Karışık duygular içindeyim, ne yazacağımı bilemedim. Bu metin en başından itibaren müthiş bir gerilimle başlayan ve gerilim dozunu hiç azaltmadan tam tersine sürekli yükselterek devam eden bir metin. Bilinmeyen bir Gizem’den söz etmiyoruz, bu bir cinayet romanı ve katilin kim olduğunu en başından öğreniyoruz, yani bu anlamda bir heyecan ya da gerilimden söz etmiyorum. Ancak yazar en başından itibaren öyle bir kurgulamış ki, tuğla tuğla olayları üstüste koyarak gerilimi son noktaya kadar tırmandırmış.

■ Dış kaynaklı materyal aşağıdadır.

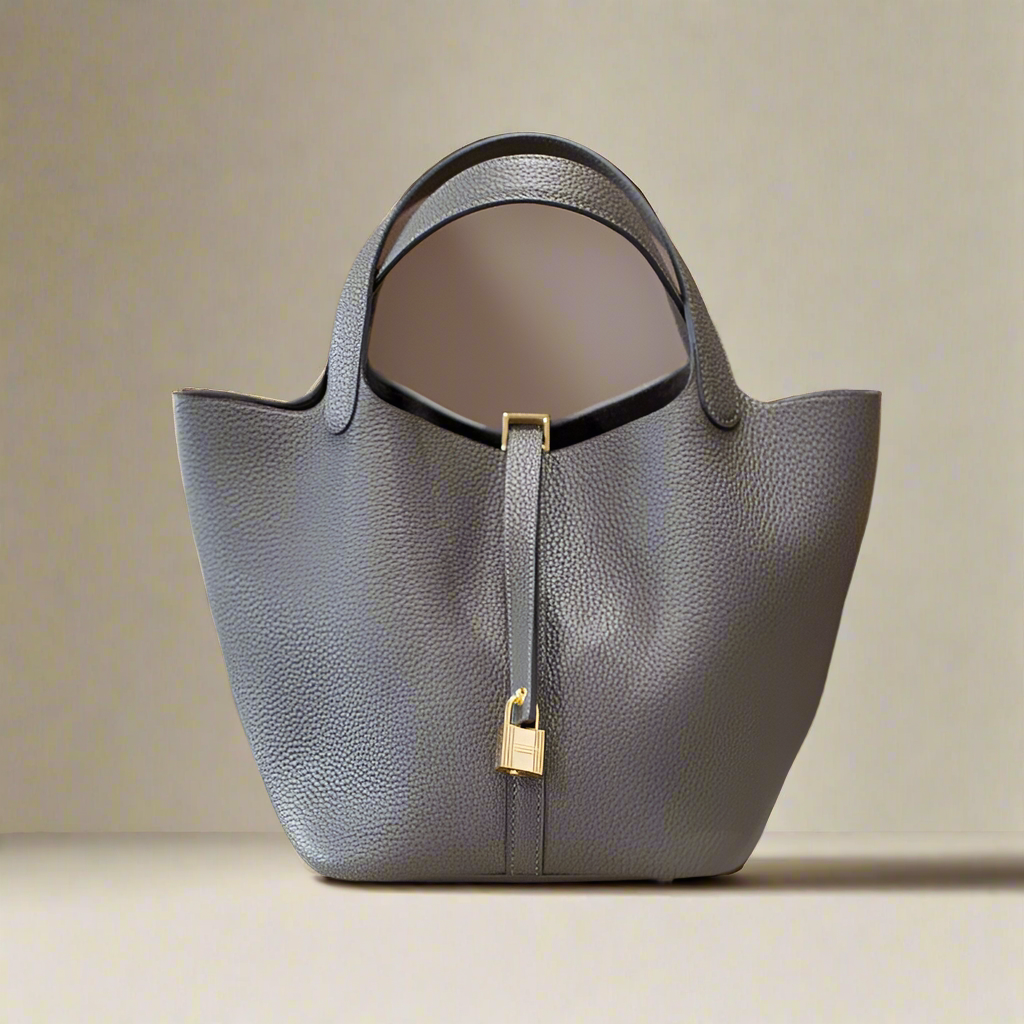 Elisabetta Slouch Bag Premium Leather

İnsanı son derece rahatsız eden bir metin aslında bu. 2012 yılında Amerika’da yaşanmış gerçek bir olaydan alınmış. Yani gerçekten bir dadı Amerika’da iki çocuğu öldürmüş. Ancak bu kitapta biz bu cinayetin ötesinde, ırkçılığı, mültecilerin sorunlarını, bir kadının iflah olmaz yalnızlığını, sorunlarından nasıl kurtulabileceğini hesaplaya hesaplaya içine düştüğü ve her gün biraz daha artan bunalımını okuyoruz. Planladığı çözümleri planladığı çözümleri bir süre sonra gerçekmiş gibi yaşamaya başlayan bir insan bu. Yani bence bu metin aslında bir karakter çözümlemesi.

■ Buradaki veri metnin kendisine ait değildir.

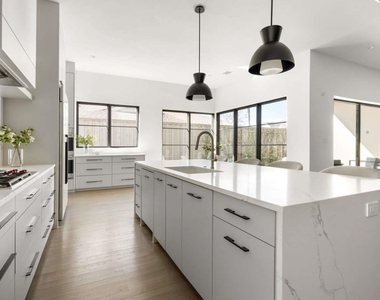 6621 Del Norte Lane - Photo Thumbnail 2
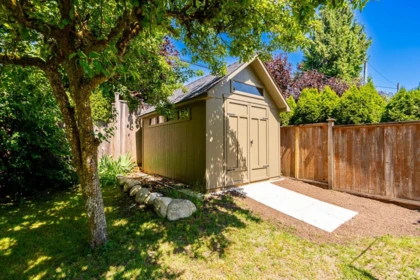 Mudroom Photo of 2784 Crescentview Drive, North Vancouver, BC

Bence iki ilginç konu var kitapla ilgili olarak: birincisi adı. Bence ‘Hoş Nağme’ adı, bu kitaba uymamış. Herhangi bir ilişki kuramadım ismi ile kurgu arasında. İkincisi ise ilginç bir şekilde bu metinde bizim dadımız beyaz, ancak hizmet ettiği, çocuklarına baktığı kadın Fas’lı bir mülteci, yani ilginç bir rol değişimi var.
Ben adeta soluksuz okudum ve beğendim kitabı.